Avec Il Bidone, Fellini révèle un côté mystique esquissé dans les dernières séquences, panthéistes, de La Strada et confirme le lyrisme de son style cinématographique, lui aussi largement entrevu dans ce film. Il va ainsi alterner des scènes purement inspirées du style néoréaliste avec des séquences aussi poétiques que douloureusement comiques. Les séquences d’arnaques, notamment, prennent à la fois un aspect de sketchs comiques cruels, impliquant les spectateurs dans l’effroyable jubilation des escrocs. Mais avec le temps, chacune des arnaques prend un aspect toujours plus tragique, douloureux, culminant avec la dernière arnaque, où se noue le destin d’Augusto.
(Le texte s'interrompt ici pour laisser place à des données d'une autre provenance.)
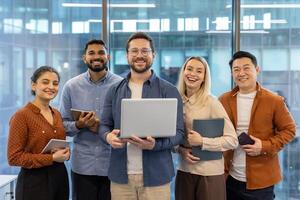 A diverse team of colleagues smiles with joy and confidence while looking at the camera in the office. Collaboration. photo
Avec un cynisme inattendu, Augusto et Fellini vont, à l’occasion de cette séquence, laisser entrevoir une rédemption d’une grande dignité pour le personnage, avant une conclusion d’une terrible cruauté.
Le final d’Il Bidone va ainsi pousser la violence à un paroxysme d’une intensité terrifiante, sans évidemment recourir aux excès dont nous sommes aujourd’hui familiers. Peu importe, voire heureusement — Fellini clôt Il Bidone sur une séquence aride dont la puissance lui confère un aspect presque religieux, qui rappelle en écho celle, précédente, où il contrefait, pour la dernière fois de sa vie, le rôle d’un ecclésiastique. Fellini ne se pose pas en religieux, mais ouvre la voie à une mystique de l’homme, où le chemin de croix vaut bien celui de la Bible. Le propos sera poursuivi, avec les mêmes procédés, dans Les Nuits de Cabiria, dans lequel Giulietta Masina vit aussi son propre martyre. Il Bidone se pose en reflet pessimiste, réellement sombre de Cabiria : Fellini signe ici un conte qui s’abstrait de l’idée de morale, lyrique dans les ténèbres, et ouvre les portes de son œuvre au symbolisme baroque qui pénétrera ses films à venir.